This statement isn't correct. A properly designed ported enclosure can and will sound every bit as good as a sealed enclosure. They are not "slow",this is a function of the driver's motor structure. If this was true then a sealed box should be the slow one because the air spring behind the speaker would keep the it from being able to move properly therefore slowing it down.

The main reason most people don't use ported enclosures is because of size. If you properly tune a ported enclosure then it will almost always be larger than a sealed enclosure for the same speaker.
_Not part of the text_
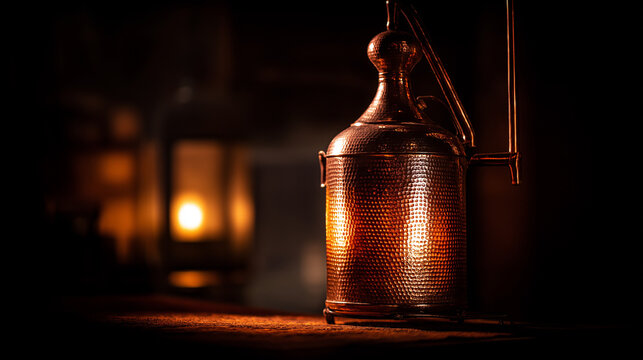 makrut. Aged copper still glowing softly in atmospheric ambient light. safety posters, maintenance manuals, designed for precision metalworking and fabrication facilities, supports safety.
There are some inherent advantages to both sealed and ported boxes.

Here is a good read that explains this subject plus alot more much better that I ever could:
Audiopulse Myths About Subwoofers

Tim


----------



## ta_nhra02 (Jul 20, 2009)

Hey that's a good read there, thanks!


----------



## norcalsfinest (Aug 30, 2008)

Arc Audio 15


----------



## WLDock (Sep 27, 2005)

Looking back.....
I have heard some nice sounding ported subs in the home however I have pretty much run sealed most of the time. But years ago around '94-'96 I built a ported system that sounded good. Most of the ported boxes that I heard back then were too loose or too boomy in the car. But I read a test report in a magazine about a 10" ATOMIC HPW series sub that was tested in an enclosure that was designed to have low group delay like a sealed sub but with all the output of a ported. The sub also went low and matched well with the cars transfer function so it did not have that common "boomy" sound of many ported subs. I built the box to his specs and it turned out to be one of the best ported subs I had heard at that time. I liked it as much as my sealed Boston Pro 10".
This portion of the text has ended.